Интересно, что будучи человеком, слепо преданным монархии, он дал как-то принцу совет, вызвавший протест Генриетты Марии:
– Остерегайтесь чрезмерной преданности королю, ибо можно быть хорошим человеком, но плохим королём.
«Мистер Генри Джермин, первый слуга королевы», хотя и был не столь знатного происхождения, как братья Перси и Ньюкасл, по-прежнему сохранял свои позиции при дворе. Жизнь научила его, по выражению писательницы Каролы Оман, «присутствовать, когда в нём нуждались, быть незаметным, когда в нём не было необходимости, быть любезным с нелепыми людьми и всегда иметь наготове план, каким бы плохим он ни был, чтобы избежать возможных неприятностей». Важный шаг в дальнейшем его продвижении по службе произошёл в понедельник, 2 сентября 1639 года, когда ему предложили должность главного конюшего королевы. Если формально ему полагалось находиться рядом с королевскими лошадьми, то на деле он должен был служить своей госпоже в самых тайных и интимных делах. В конце концов, Оливарес возглавлял конницу Филиппа III, а Бекингем был конюшим сначала Якова I, а затем Карла I. А после того, как скончался Портленд, Генриетта Мария, по сути, управляла своим супругом. Придворные быстро поняли, что если хочешь что-то получить, нужно обращаться к королеве. А так как этикет запрещал выпрашивать что-то у своей госпожи, то легче было выпить бокал вина или сыграть в мяч с её главным конюшим.

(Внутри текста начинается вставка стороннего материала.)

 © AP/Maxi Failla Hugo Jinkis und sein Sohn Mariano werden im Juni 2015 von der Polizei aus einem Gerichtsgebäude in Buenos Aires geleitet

Тем временем герцогиня де Шеврёз очаровывала окружение королевы своими нарядами и вела беседы о политике с графиней Карлайл. Но она разозлила короля тем, что пригласила принцессу Мэри на мессу, и, вдобавок, обходилась казне в двести гиней в неделю. Впрочем, были гости и похуже. К Карлу I грозилась приехать его тёща.
Прошло семь лет с тех пор, как Мария Медичи бежала из Франции в Испанские Нидерланды по тем же причинам, что и Шевретта. И теперь английские памфлетисты рисовали сатирические картины того, как мать и младший брат королевы «проведут чудесное Рождество здесь, в Лондоне». Людовик ХIII в обмен на немалую сумму предложил своей матери вернуться в свою родную Флоренцию. Но пожилая дама, которую папа Урбан VIII называл одним из самых упрямых людей в мире, предпочла остаться во Фландрии, буквально, кишевшими секретными агентами всех национальностей. Там она решила дожидаться кончины своего смертельного врага Ришельё или сына, чтобы с триумфом вернуться во Францию. Тем более, что окружавшие её астрологи уверяли, что Людовик ХIII скоро умрёт и она станет регентшей дофина. Однако лишившись своей пенсии, флорентийка была вынуждена переехать в Голландию, где ей тоже не особенно были рады. Её старшие дочери ничем не могли ей помочь из-за своих проблем, и она подумывала о том, чтобы отправиться в Лондон.